ARTICLE AD BOX
Jakarta -
Menteri Perhubungan Dudy Purwagandhi menyampaikan kebanyakan maskapai penerbangan tidak meminta perubahan tarif pemisah atas (TBA) tiket pesawat namalain tidak naik.
Namun, ada satu maskapai penerbangan nan meminta perubahan TBA tiket pesawat. Maskapai apa?
"Sekarang mereka nggak mau patokan TBA diubah. nan mau hanya Garuda. Saya sudah tanya ke mereka," ujar Dudy dalam sebuah obrolan di Jakarta, Kamis (8/5/2025).
SCROLL TO CONTINUE WITH CONTENT
"Jadi saya juga bingung sebagai regulator jika hanya Garuda nan ingin, gimana saya mau atur ya. Nanti nan lain nggak mau diubah," sambung Dudy.
Dudy menjelaskan sejumlah maskapai nan tidak menginginkan adanya perubahan TBA tiket pesawat lantaran kondisi perekonomian di masyarakat nan sedang tidak baik.
Sehingga jika adanya perubahan TBA tiket pesawat, dikhawatirkan masyarakat makin sedikit menggunakan moda transportasi pesawat.
"Ya mereka nggak mau diubah, inginnya seperti nan sekarang.
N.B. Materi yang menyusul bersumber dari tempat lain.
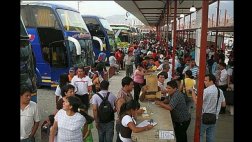 Huancayo: pasajeros tomaron terminal por alza en los pasajes
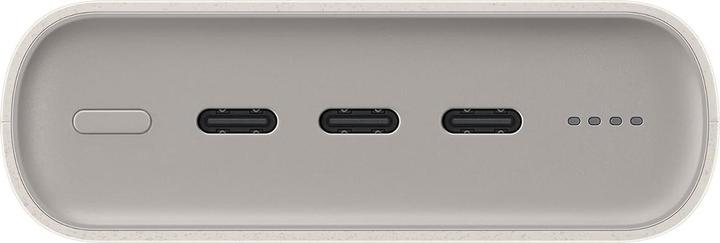 Immagine prodotto Samsung Powerbank EB-P4520XUEGWW 20000 mAh 3x USB-C 45W SFC - beige (20000 mAh, 45 W, 74 Wh)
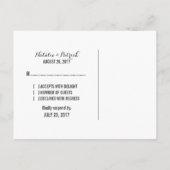 Aqua Jewel Tones Wedding RSVP Briefkaart (Achterkant)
Sekarang saja dikit nan naik, gimana jika kita mau naik," terang Dudy menjawab pertanyaan soal argumen kebanyakan maskapai tidak menginginkan adanya perubahan TBA tiket pesawat.
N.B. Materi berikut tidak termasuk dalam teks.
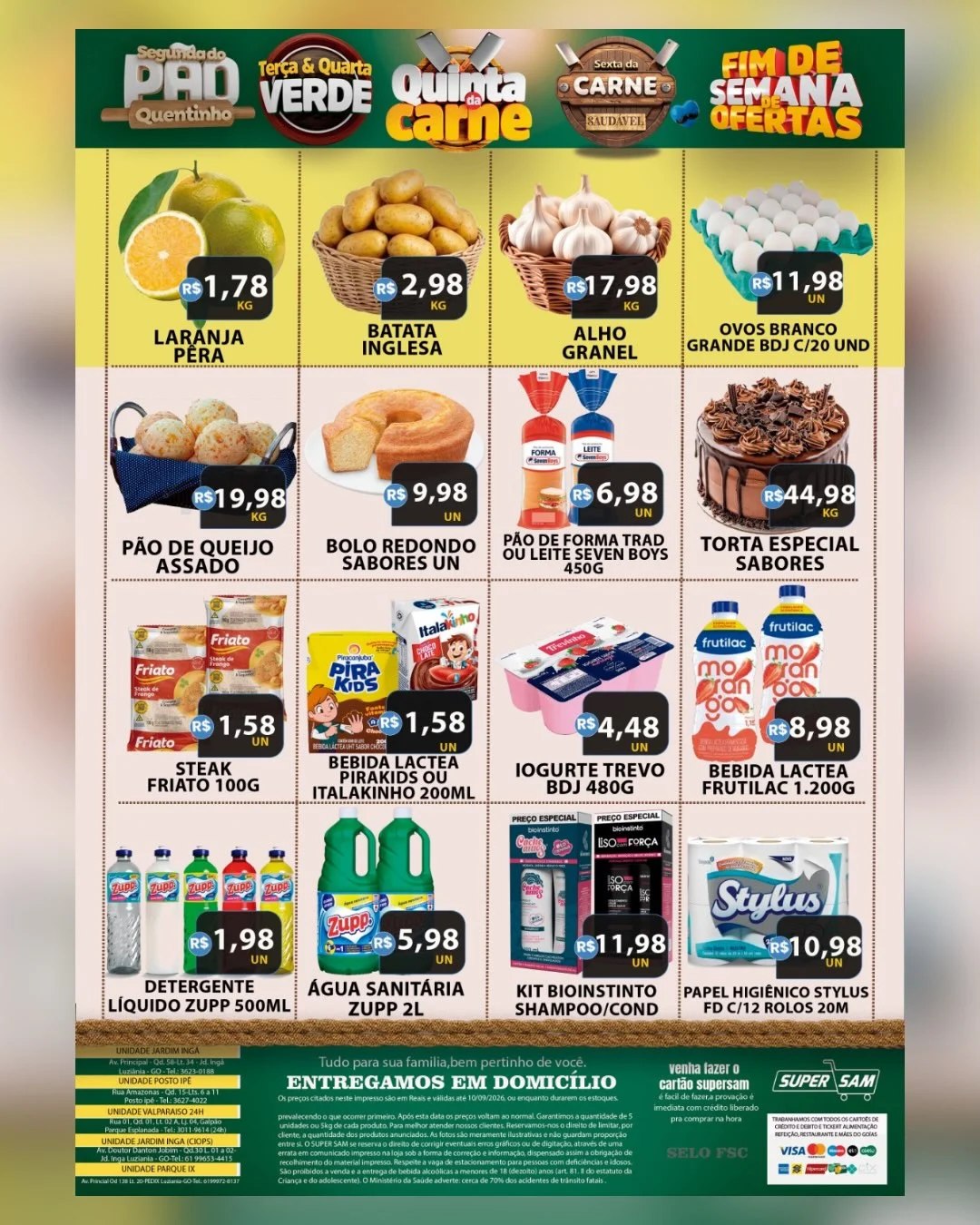 Ofertas Rede Supersam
Sebelumnya Asosiasi maskapai penerbangan alias Indonesia National Air Carriers Association (INACA) meminta pemerintah untuk segera merevisi patokan tarif pemisah atas (TBA) tiket pesawat. Hal ini disampaikan oleh Sekretaris Jenderal (Sekjen) INACA Bayu Sutanto.
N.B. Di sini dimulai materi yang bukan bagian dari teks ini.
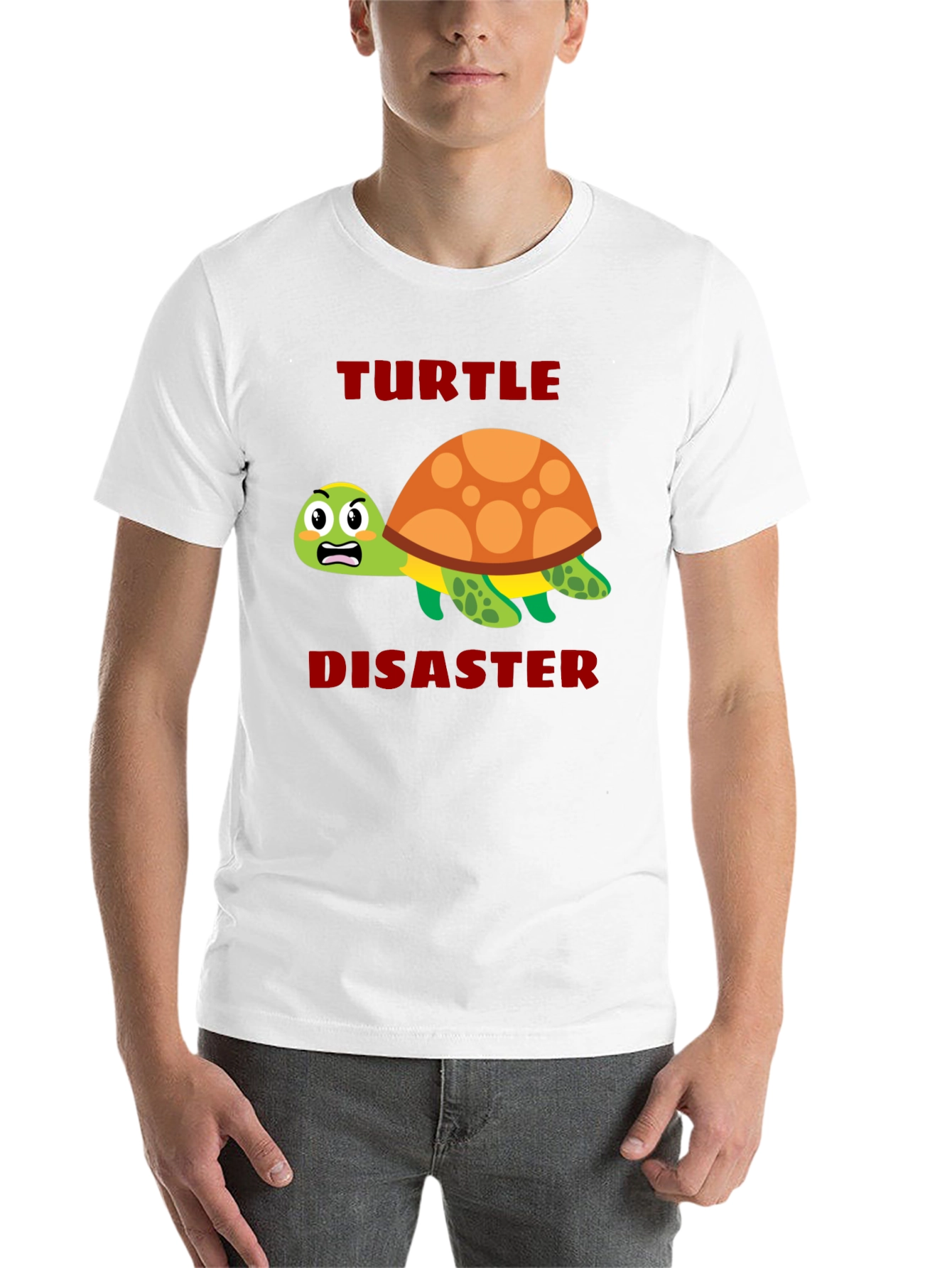 Black Turtle Disaster Graphic Tee - Funny Cartoon Turtle Shirt view 14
Bayu mengatakan kebijakan tarif pemisah atas bertindak sejak 2019 tidak realistis dengan situasi sekarang. Bayu mendorong agar nilai tiket pesawat mengikuti sistem nilai pasar.
Kebijakan TBA dan tarif pemisah bawah (TBB) tiket pesawat terakhir diubah pada 2019. Penentuan TBA dan TBB diatur dalam Keputusan Menteri Perhubungan (Kemenhub) No. PM 20 Tahun 2019.
"Kami maunya revisi TBA tahun 2019, nilai diserahkan ke sistem pasar dengan TBA baru tersebut," kata Bayu kepada detikaicom, Jumat (7/1/2025).
Bayu menilai kebijakan nan sekarang tidak sesuai dengan komponen nan mempengaruhi tiket pesawat saat ini, seperti nilai avtur dan pelemahan nilai tukar rupiah. Belum lagi, pajak pertambahan nilai (PPN) naik menjadi 12%.
"Karena TBA nan bertindak sejak 2019, parameter formula khususnya nilai avtur dan kurs US dolar sudah nggak realistis, juga PPN-nya sudah 12%," tambah Bayu.